Give back the lines below exactly, but do not include any pictures.

THE DATA START

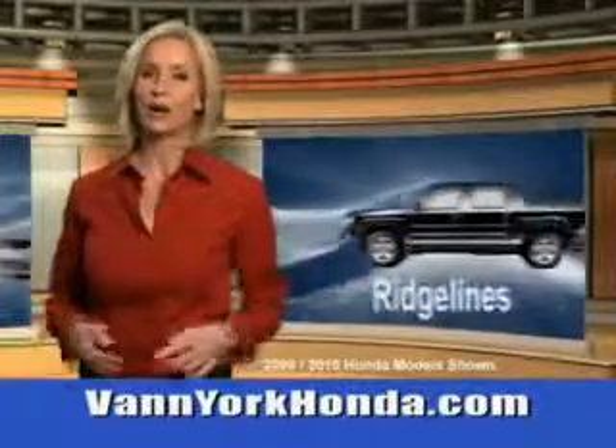See us at Van York Auto Mall today. Van York Honda at the Auto Mall.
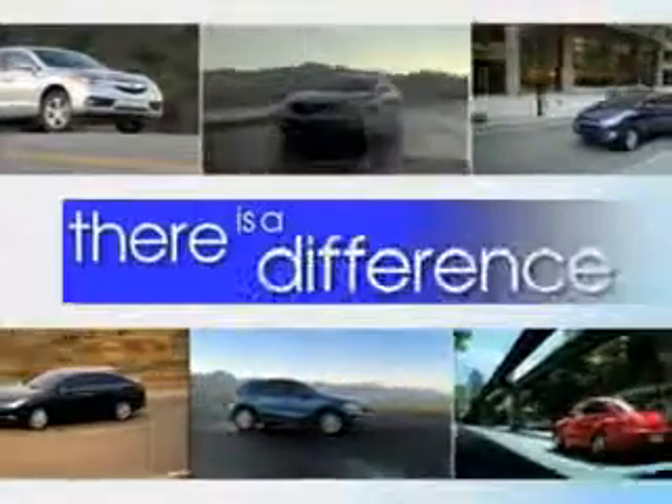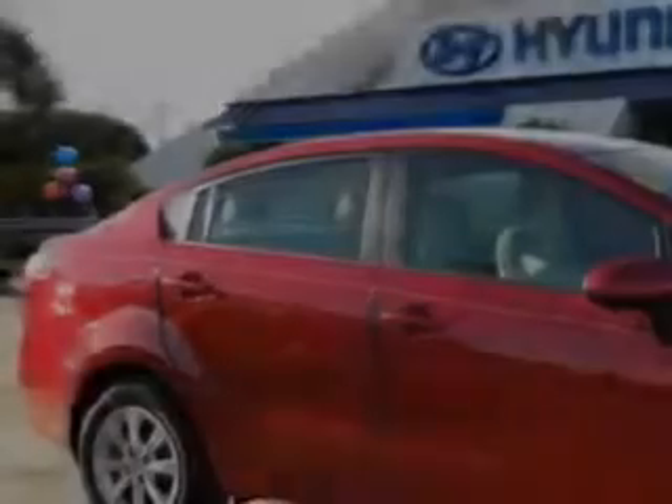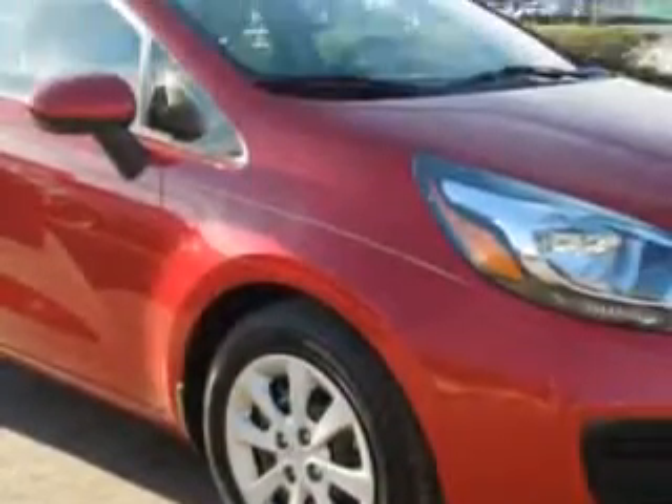When it comes to car buying, there is a difference. Experience excellence at any Jenkins dealership. You will love this Signal Red 2013 Kia Rio, equipped with a 4-cylinder engine and an automatic transmission.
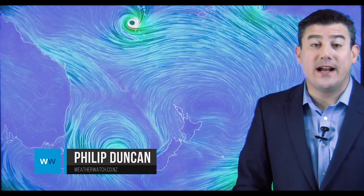Hi everybody, I'm Philip Duncan. Thanks for joining us as we track severe cyclone Dona, which is currently near New Caledonia and heads down towards the New Zealand area.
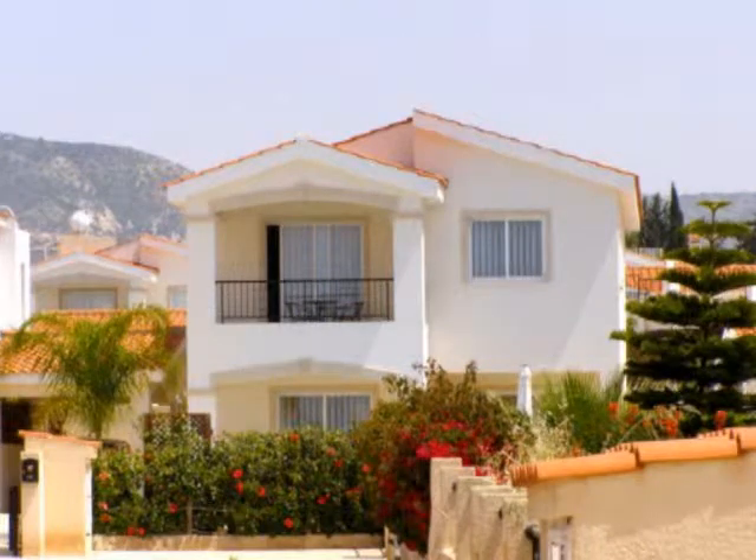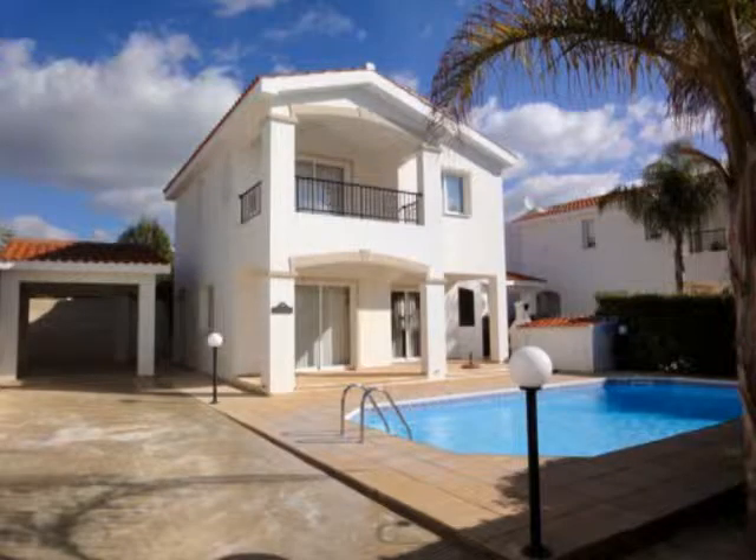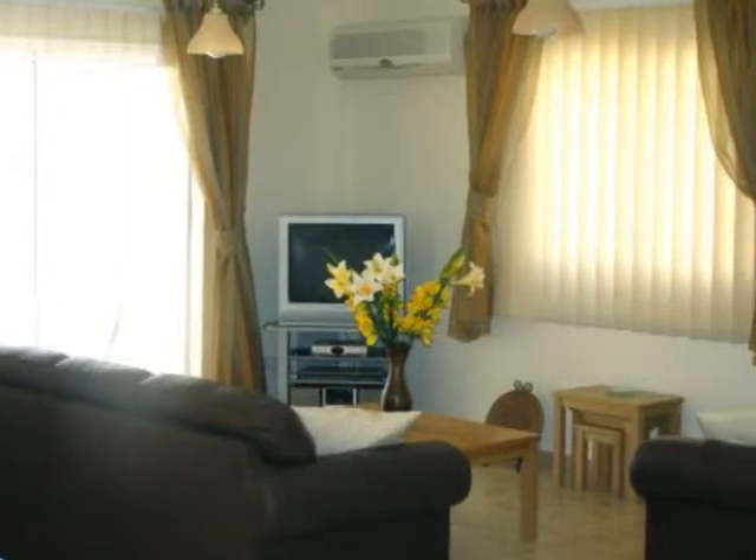This detached three-bedroom villa is in a prime location with easy walking distance to the sandy beaches of Coral Bay and the famous Coral Bay Strip with its wide variety of shops, restaurants, and tavernas.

THE DATA END

### RESPONSE BOX:
See us at Van York Auto Mall today. Van York Honda at the Auto Mall.
When it comes to car buying, there is a difference. Experience excellence at any Jenkins dealership. You will love this Signal Red 2013 Kia Rio, equipped with a 4-cylinder engine and an automatic transmission.
Hi everybody, I'm Philip Duncan. Thanks for joining us as we track severe cyclone Dona, which is currently near New Caledonia and heads down towards the New Zealand area.
This detached three-bedroom villa is in a prime location with easy walking distance to the sandy beaches of Coral Bay and the famous Coral Bay Strip with its wide variety of shops, restaurants, and tavernas.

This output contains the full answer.